Segment Open

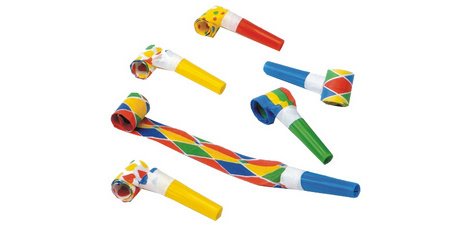 Souffleur de fête, assorti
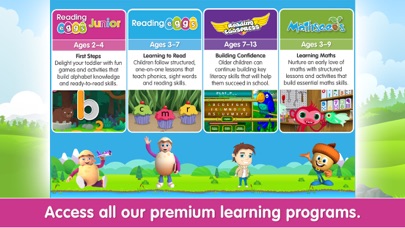 Reading Eggs - Learn to Read App Download - Android APK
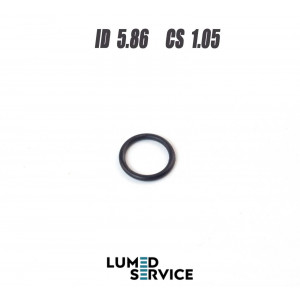 Кільце ущільнювальне 5,86×1,05 мм NBR для стоматологічного обладнання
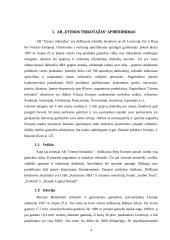 AB „Utenos trikotažas“ marketingo komplekso analizė 4 puslapis
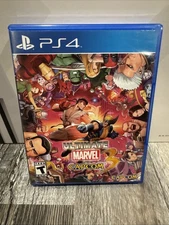 Ultimate Marvel vs. Capcom 3 with Mini Comic PS4 Excellent Disc Tested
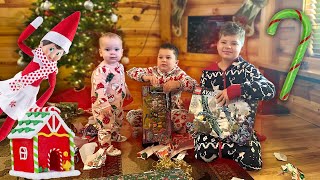 EARLY CHRISTMAS SURPRISE Smoky Mountain Family Vacay Vlog [upl. by Einttirb377]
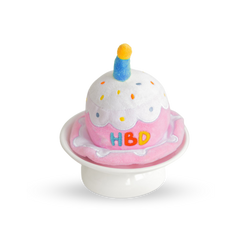 BITE ME HBD Party Cake Hat Toy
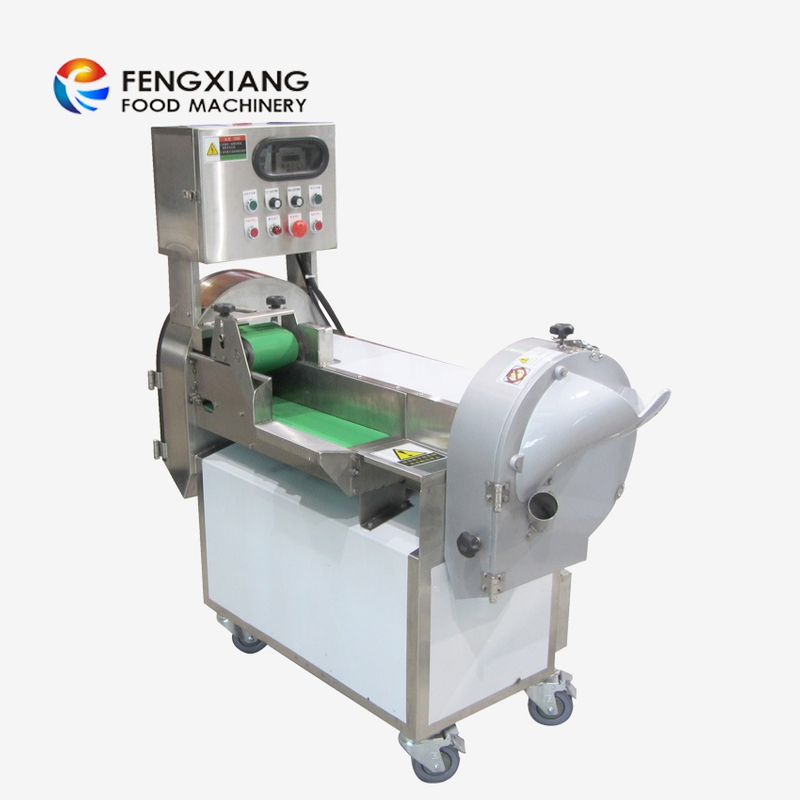 FengXiang FC-301 Machine à trancher et à déchiqueter les fruits et légumes commerciaux multifonctionnels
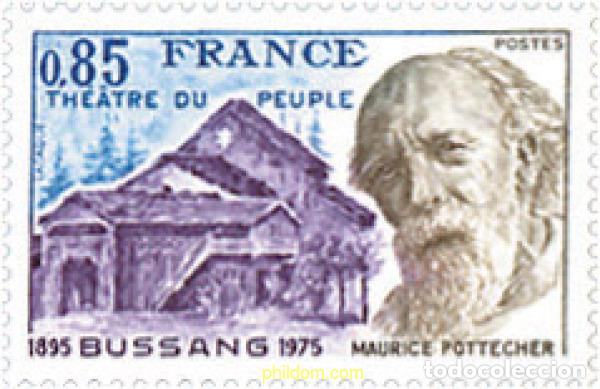 Sellos: 122762 MNH FRANCIA 1975 TEATRO DE BUSSANG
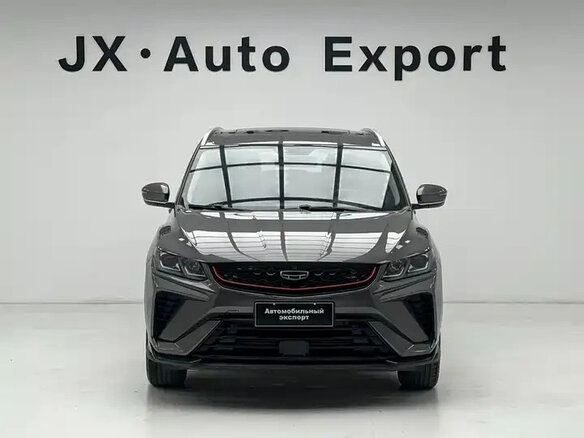 2022 Geely Binyue I Рестайлинг, серый, 1350000 рублей - вид 1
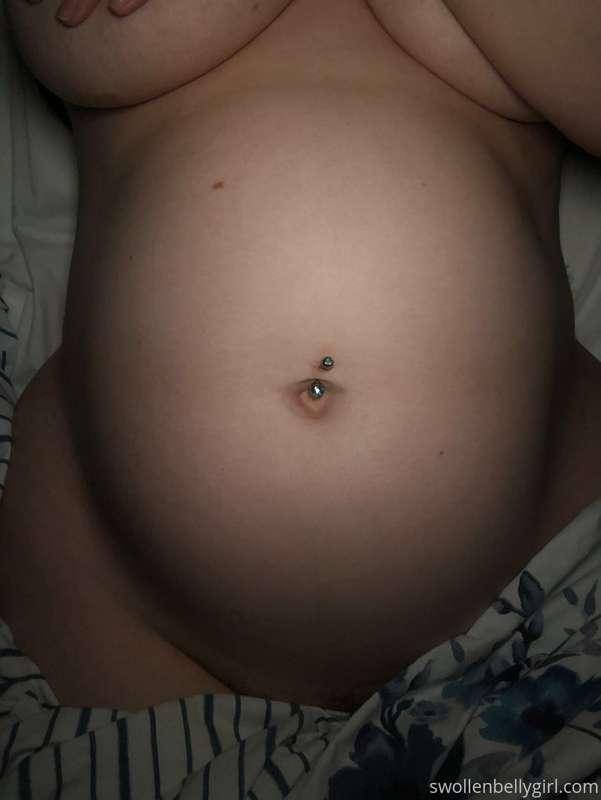 swollenbellygirl image #21
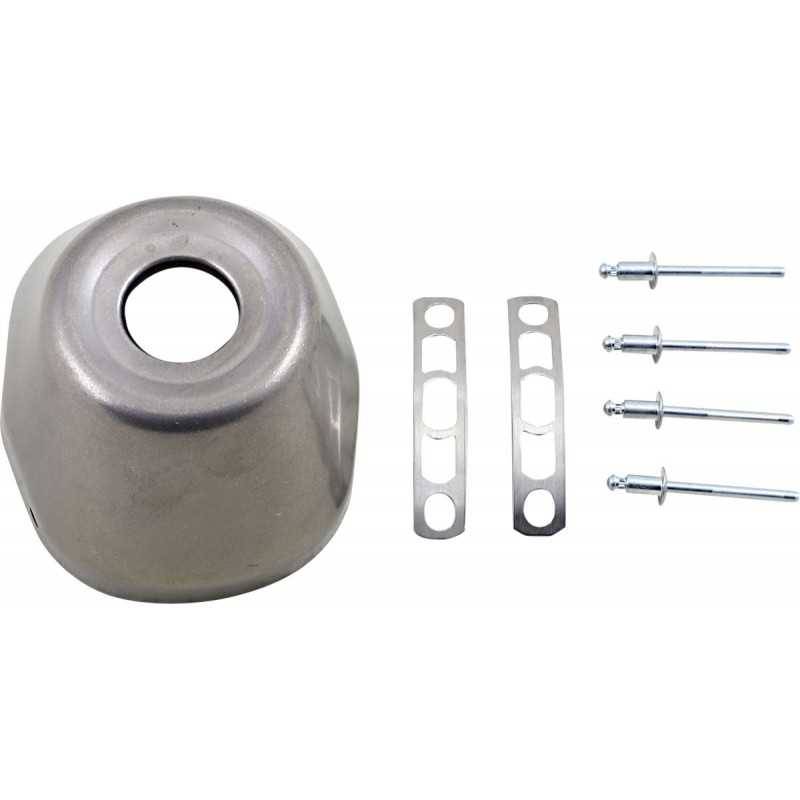 FMF Tapa Final Silencioso FMF POWERCORE 2.1 Titanio 1.010 Acc. Escape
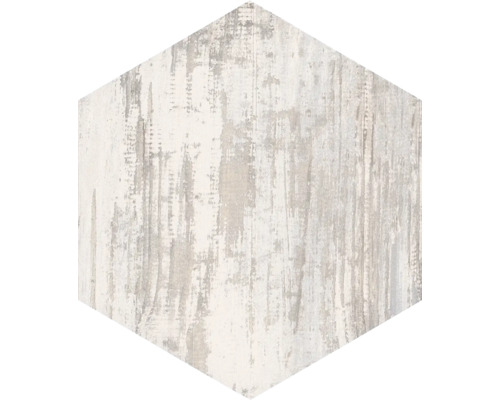 Placă hexagonală cu aspect de lemn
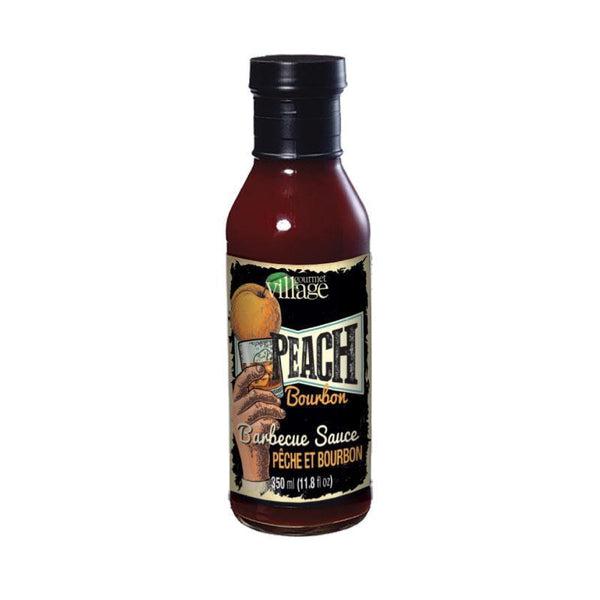 Peach Bourbon BBQ Sauce-BBQ Sauce-Balderson Village Cheese Store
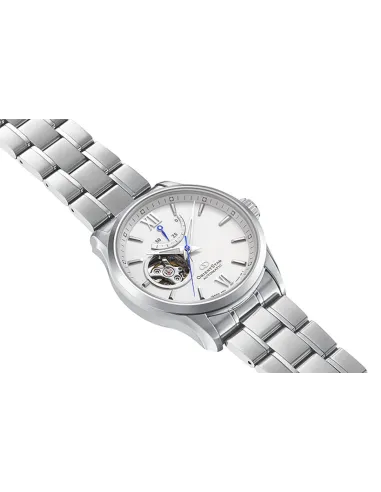 Reloj automático hombre Orient Star RE-AT0003S dial champagne 39.3mm Cristal de Zafiro anti-reflejos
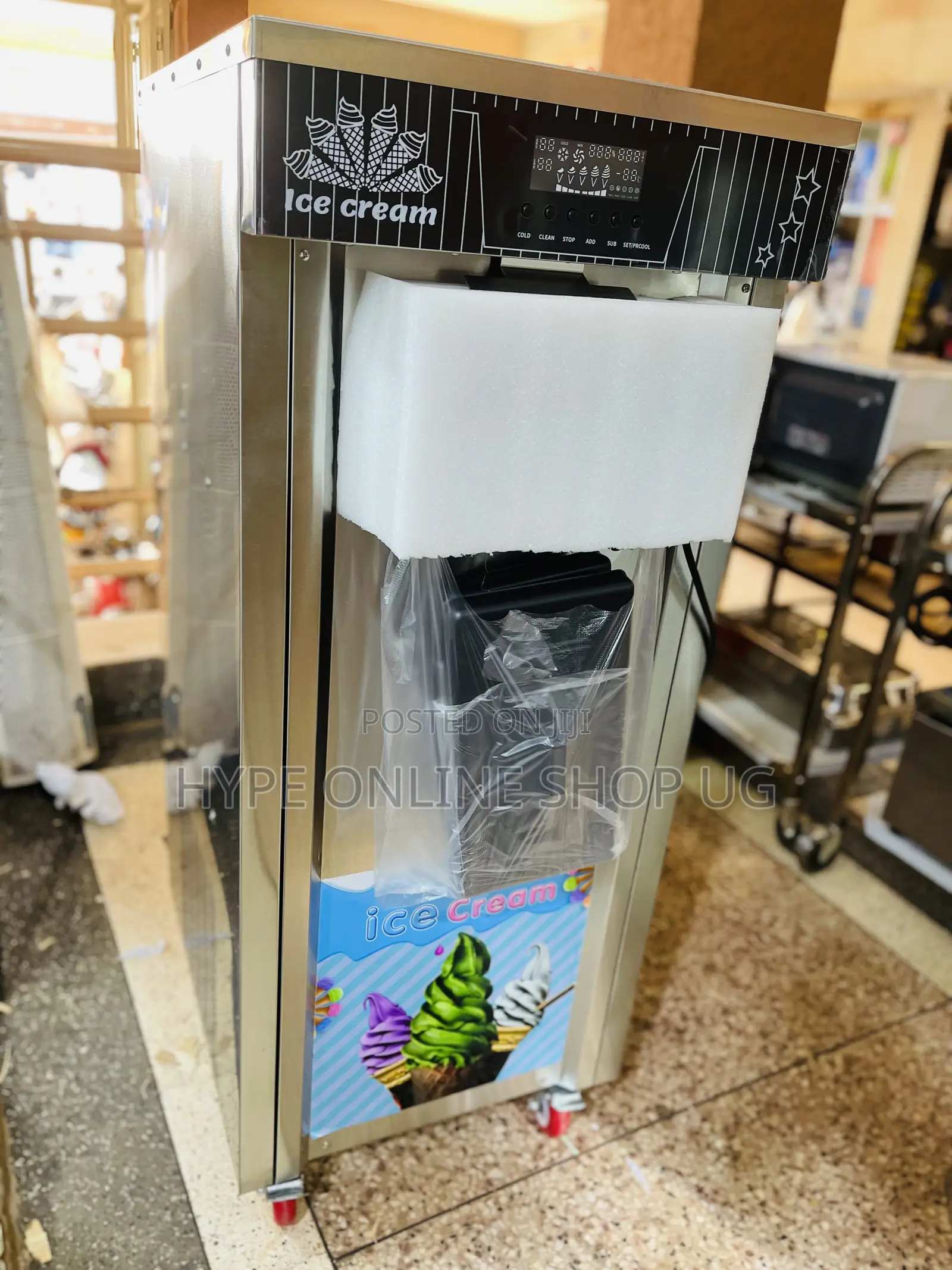 Commercial Box Brandnew Icecream Machine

Segment Closed

# INSTRUCTIONS TO FOLLOW
Set the preceding data down again word for word, omitting images.

# OUTPUT OF THE EXERCISE
 Souffleur de fête, assorti
 Reading Eggs - Learn to Read App Download - Android APK
 Кільце ущільнювальне 5,86×1,05 мм NBR для стоматологічного обладнання
 AB „Utenos trikotažas“ marketingo komplekso analizė 4 puslapis
 Ultimate Marvel vs. Capcom 3 with Mini Comic PS4 Excellent Disc Tested
 EARLY CHRISTMAS SURPRISE Smoky Mountain Family Vacay Vlog [upl. by Einttirb377]
 BITE ME HBD Party Cake Hat Toy
 FengXiang FC-301 Machine à trancher et à déchiqueter les fruits et légumes commerciaux multifonctionnels
 Sellos: 122762 MNH FRANCIA 1975 TEATRO DE BUSSANG
 2022 Geely Binyue I Рестайлинг, серый, 1350000 рублей - вид 1
 swollenbellygirl image #21
 FMF Tapa Final Silencioso FMF POWERCORE 2.1 Titanio 1.010 Acc. Escape
 Placă hexagonală cu aspect de lemn
 Peach Bourbon BBQ Sauce-BBQ Sauce-Balderson Village Cheese Store
 Reloj automático hombre Orient Star RE-AT0003S dial champagne 39.3mm Cristal de Zafiro anti-reflejos
 Commercial Box Brandnew Icecream Machine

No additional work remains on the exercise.